Community Articles

MattWho · ‎04-12-2018

Short Description:

A NiFi connection is where FlowFiles are temporarily held between two connected NiFi Processor components. Each connection that contains queued NiFi FlowFiles will have a footprint in the JVM heap. This article will breakdown a connection to show how NiFi manages the FlowFiles that are queued in that connection and that affects heap and performance.

Article:

First let me share the 10,000 foot view and then I will discuss each aspect of the following image:

*** NiFi FlowFiles consist of FlowFile Content and FlowFile Attributes/metadata. FlowFile content is never held in a connections heap space. Only the FlowFile Attributes/metadata is placed in heap by a connection.

The "Connection Queue":

The connection queue is where all FlowFiles queued in the connection are held. To understand how these queued FlowFiles affect performance and heap usage, lets start by focusing on the "Connection Queue" dissection at the bottom of the above image.

The overall size of a connection is controlled by the configured "back Pressure Object Threshold" and "Back Pressure Data Size threshold" settings the user defines per connection.

Back Pressure Object Threshold and Back Pressure Data Size Threshold:

The "Back Pressure Object Threshold" default setting here is 10000.

The "Back Pressure Data Size Threshold" defaults to 1 GB.

Both of these settings are soft limits. This means that they can be exceeded. As an example, lets assume default settings above and a connection that already contains 9,500 FlowFiles. Since the connection has not reached or exceeded object threshold yet, the processor feeding that connection will be allowed to run. If that feeding processor should produce 2,000 FlowFiles when it executes, the connection would grow to 11,500 queued FlowFiles. The preceding processor would then not be allowed to execute until the queue dropped below the configured threshold once again.

The same hold true for the Data Size threshold. Data Size is based on the cumulative reported size of the content associated to each queued FlowFile.

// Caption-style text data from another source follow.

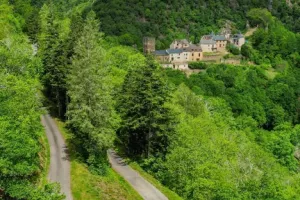Randonnée dans la fraîcheur du matin "Lavergne-Castelmary"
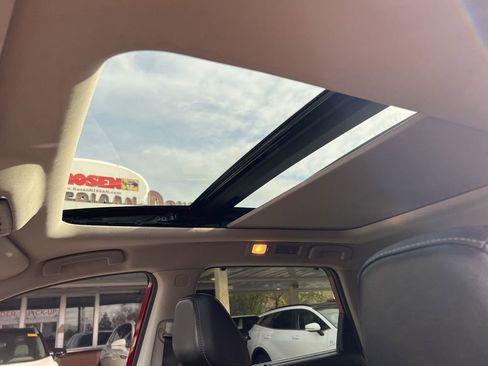 Certified 2023 Nissan Pathfinder SL w/ SL Premium Package image 7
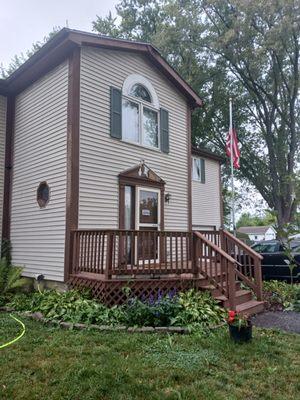 Front Entrance to Kind Massage, LLC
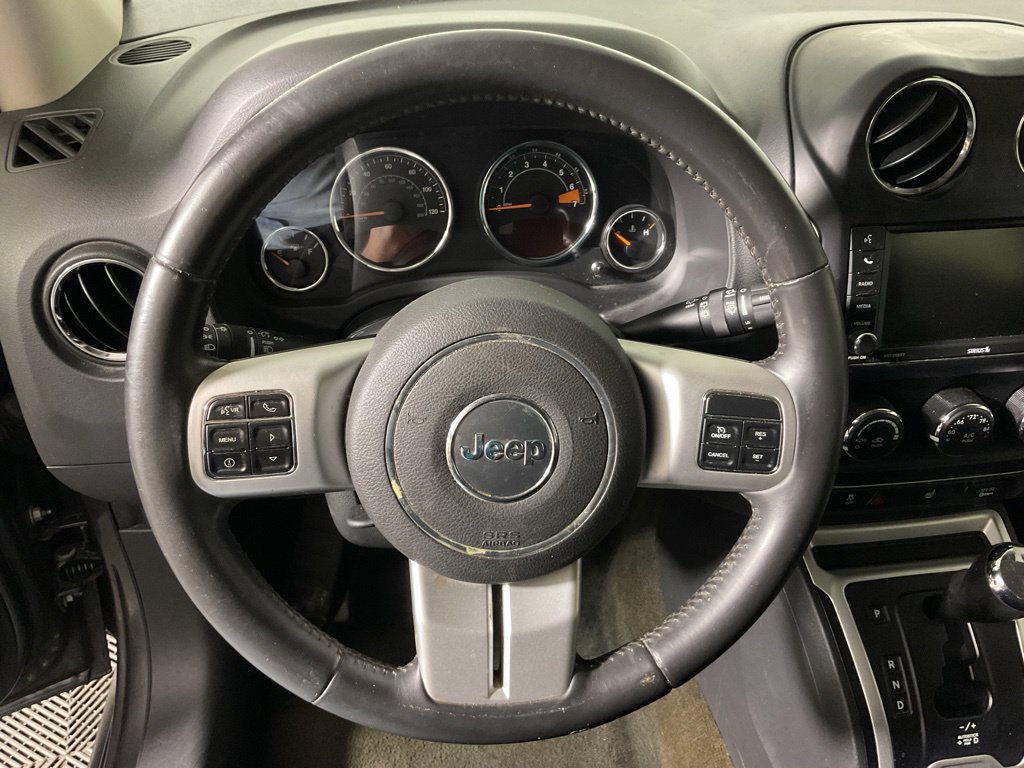 Used 2016 Jeep Compass Latitude AWD/4WD image 22
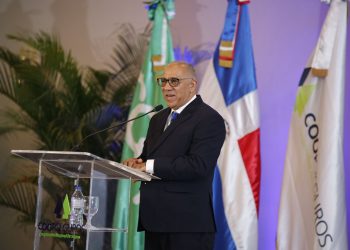 Presidente de Coopseguros, Manuel Gutiérrez Rosario, presenta informe financiero.
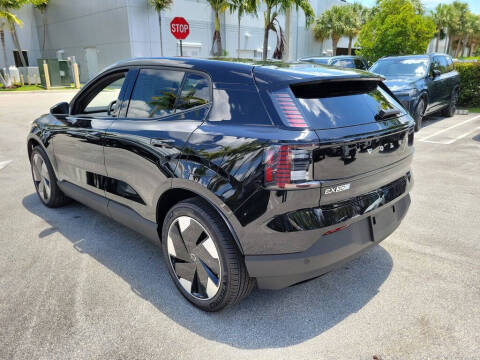 2026 Volvo EX30 Plus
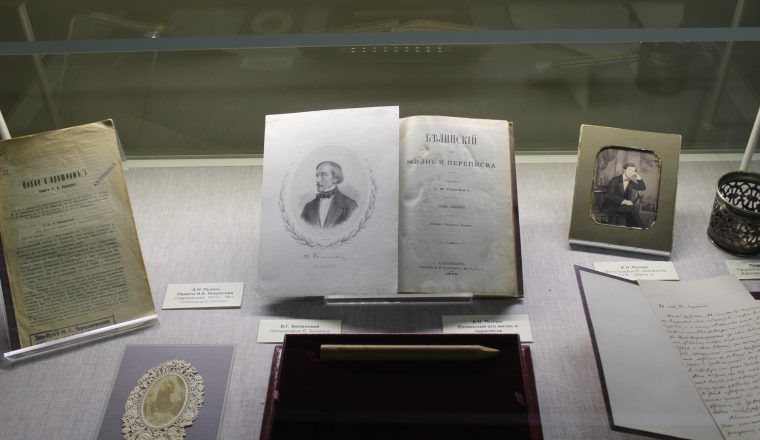 Карандаш «неистового Виссариона» представили на выставке в Саратове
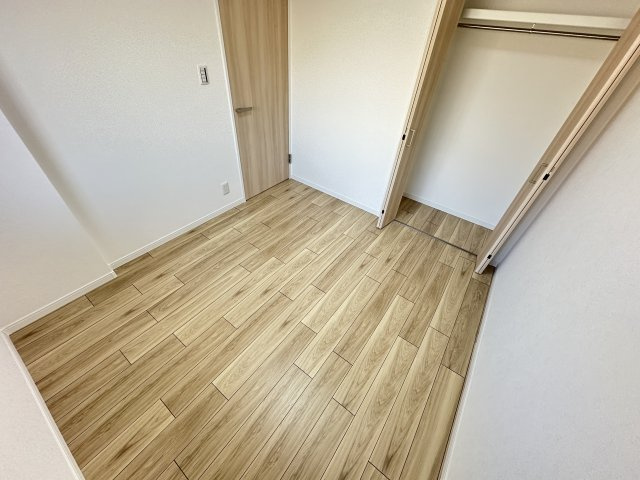 アーベイン朝霞マインプレイスの洋室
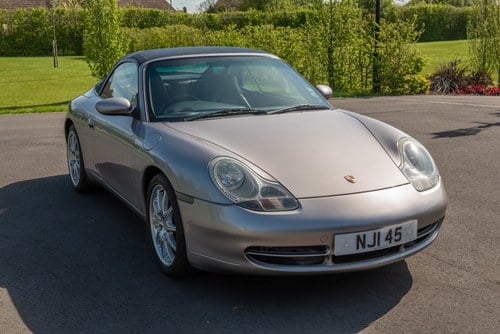 2001 Porsche 911 (996) Carrera 4 Cabriolet In vendita (immagine 14 di 108)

Now that we know how the overall size of "connection queue" is controlled, lets break it down it to its parts:

1. ACTIVE queue: FlowFiles enter a connection will initially begin to placed in the active queue. FlowFiles will continue to placed in to this queue until that queue has reached the global configured nifi swap threshold. All FlowFiles in the active queue are held in heap memory. The processor consuming Flowfiles from this connection will always pull FlowFiles from the active queue. The size of the active queue per connection is controlled by the following property in the nifi.properties file:

 nifi.queue.swap.threshold=20000

Increasing the swap threshold increase the potential heap footprint of every single connection in your dataflow(s).

2. SWAP queue: Based on above default setting, once a connection reaches 20,000 FlowFiles, new FlowFiles entering the connection are placed in the swap queue. The swap queue is also held in heap and is hard coded to 10,000 FlowFiles max. If space is freed in the active queue and no swap files exist, FlowFiles in the swap queue will be moved directly to the active queue.

3. SWAP FILES: Each time the swap queue reaches 10,000 FlowFiles, a swap file is written to disk that contains those FlowFiles. At that point new FlowFiles are again written to the swap queue. Many Swap files can be created. Using image above where connection contains 80,000 FlowFiles, there would be 30,000 FlowFiles in heap and 5 swap files. As the active queue has freed 10,000 FlowFiles, the oldest swap file are moved to the active queue until all swap files are gone. The fact that swap files must be written to and read from disk, having a lot of swap files being produced across your dataflow will affect throughput performance of your dataflow(s).

4. IN-FLIGHT queue: Unlike the above 3, the in-flight queue only exists when the processor consuming from this connection is running. The consuming processor will only pull FlowFiles from the active queue and place them in the in-flight queue until processing has successfully completed and those FlowFiles have been committed to an outbound connection from the consuming processor. This in-flight queue is also held in heap. Some processors work on 1 FlowFile at a time, others work on batches of FlowFile, and some have the potential of working on every single FlowFile on an incoming connection queue. In the last case, this could mean high heap usage while those FlowFiles are being processed.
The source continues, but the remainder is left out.